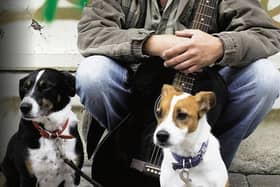 Musician Paul Taylor: always accompanied by his canine companions.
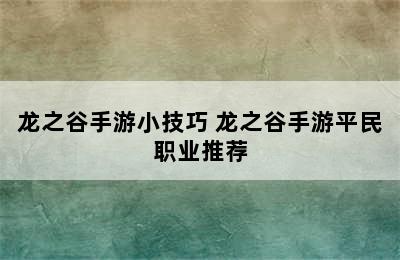 龙之谷手游小技巧 龙之谷手游平民职业推荐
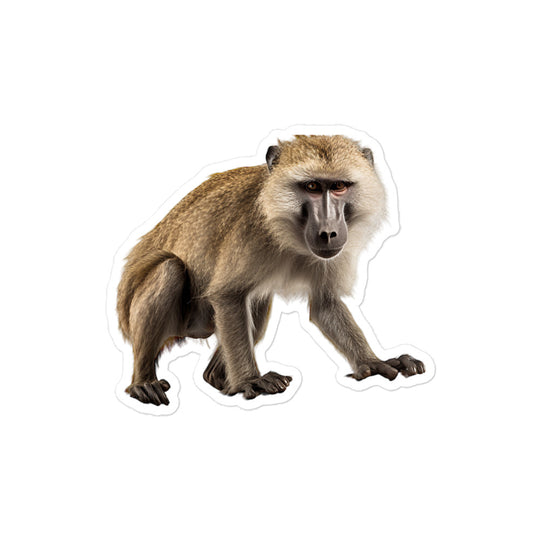 Baboon Sticker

** TASK TO COMPLETE **
Your copy should match the data above exactly, apart from the pictures.

** RESULT OF THIS TASK **
 Musician Paul Taylor: always accompanied by his canine companions.
 龙之谷手游小技巧 龙之谷手游平民职业推荐
 Baboon Sticker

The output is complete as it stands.